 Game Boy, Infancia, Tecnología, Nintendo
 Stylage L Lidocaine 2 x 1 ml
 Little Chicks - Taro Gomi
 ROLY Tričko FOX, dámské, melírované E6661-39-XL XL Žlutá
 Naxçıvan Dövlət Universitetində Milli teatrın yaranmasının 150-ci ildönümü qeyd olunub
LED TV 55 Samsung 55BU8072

┄┄┄┄┄┄┄┄┄┄┄┄┄┄┄┄┄┄┄┄

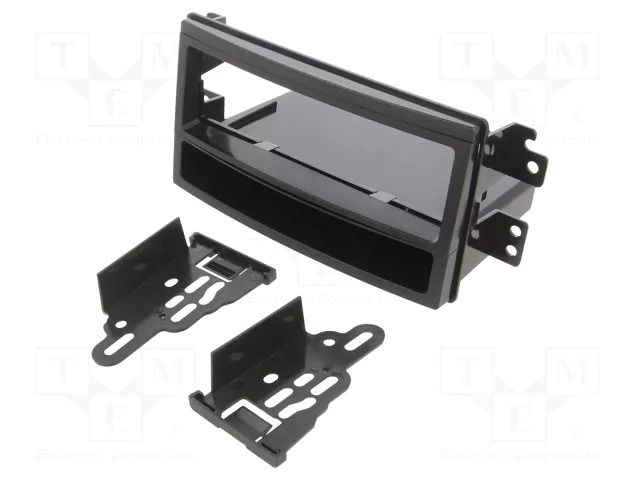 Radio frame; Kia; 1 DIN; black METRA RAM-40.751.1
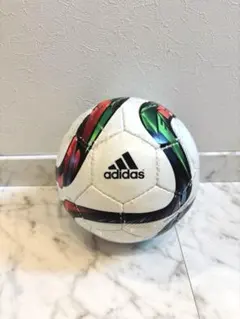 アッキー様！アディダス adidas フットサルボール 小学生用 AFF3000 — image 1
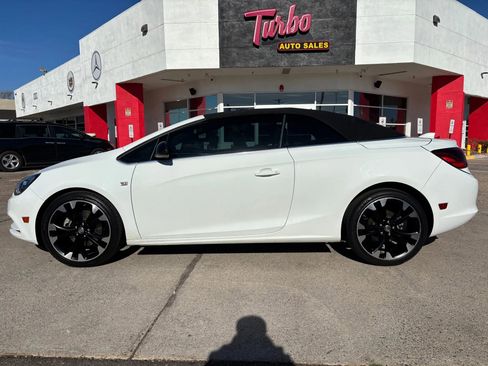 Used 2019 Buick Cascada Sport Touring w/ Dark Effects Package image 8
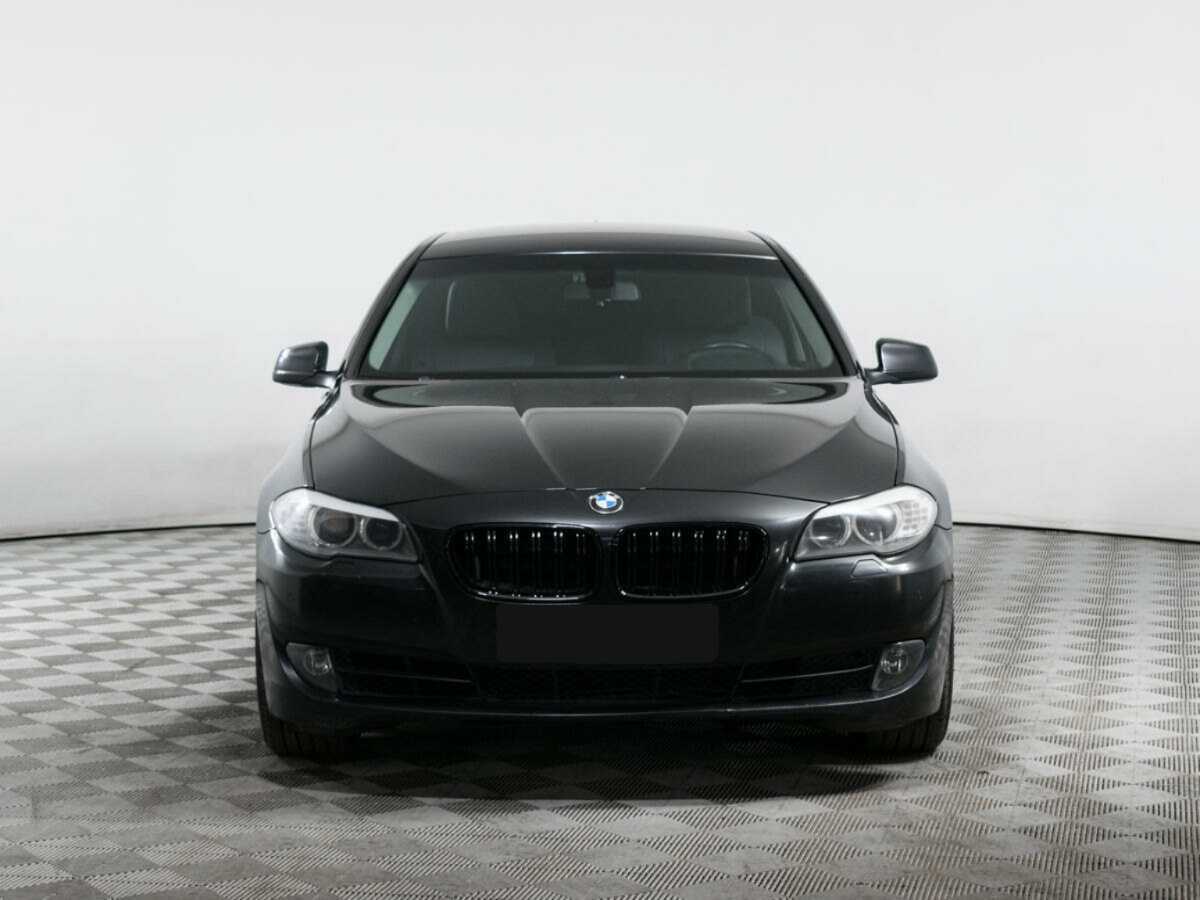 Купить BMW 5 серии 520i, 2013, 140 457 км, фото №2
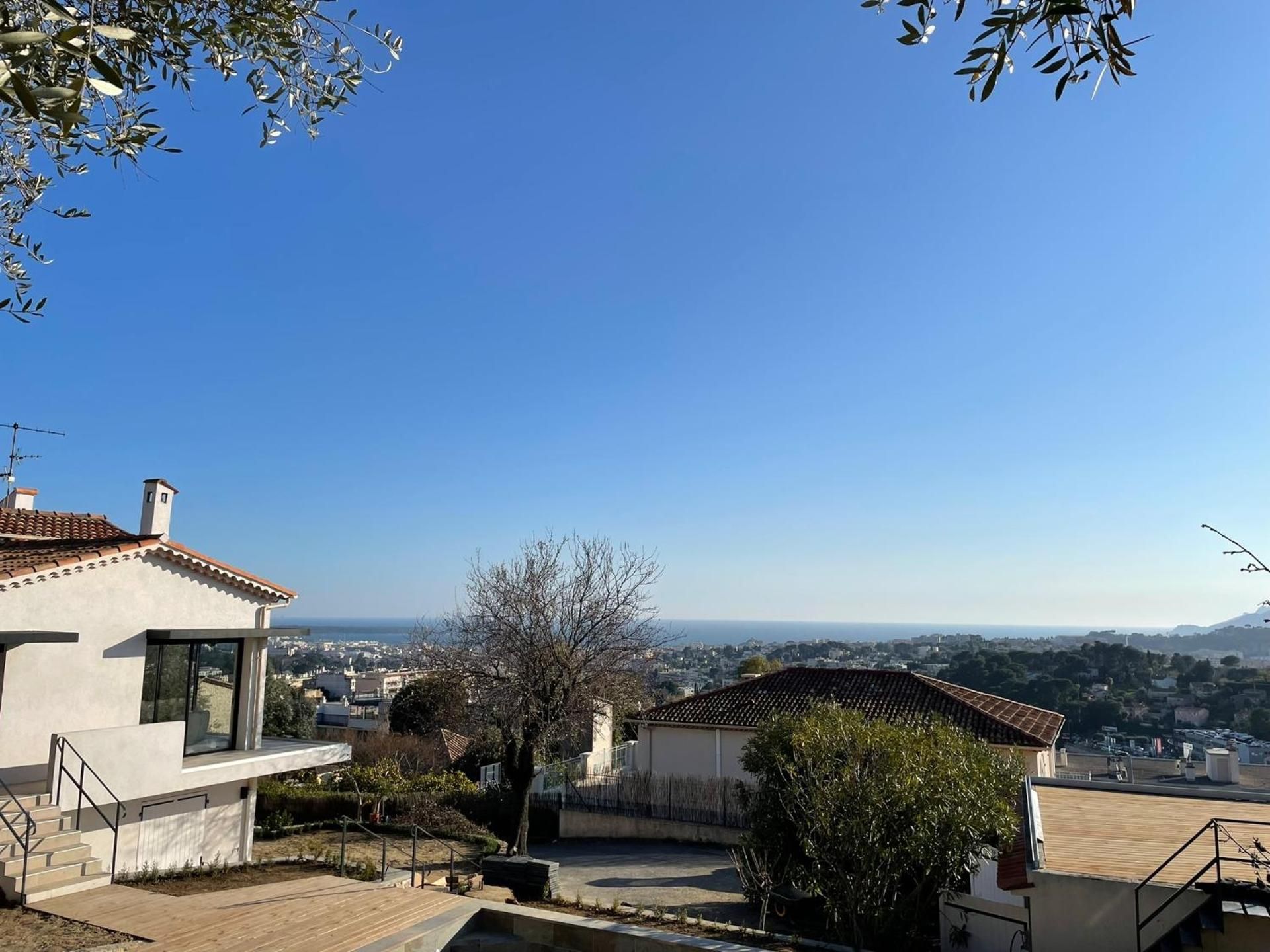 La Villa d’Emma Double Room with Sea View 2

┄┄┄┄┄┄┄┄┄┄┄┄┄┄┄┄┄┄┄┄

● **EXERCISE OBJECTIVE**
Please return only the lines above, starting at the line that has "Stylage L Lidocaine 2 x 1 ml" and ending at the line that has "LED TV 55 Samsung 55BU8072", keeping both and leaving each one unchanged.

● **ANSWER SPACE**
 Stylage L Lidocaine 2 x 1 ml
 Little Chicks - Taro Gomi
 ROLY Tričko FOX, dámské, melírované E6661-39-XL XL Žlutá
 Naxçıvan Dövlət Universitetində Milli teatrın yaranmasının 150-ci ildönümü qeyd olunub
LED TV 55 Samsung 55BU8072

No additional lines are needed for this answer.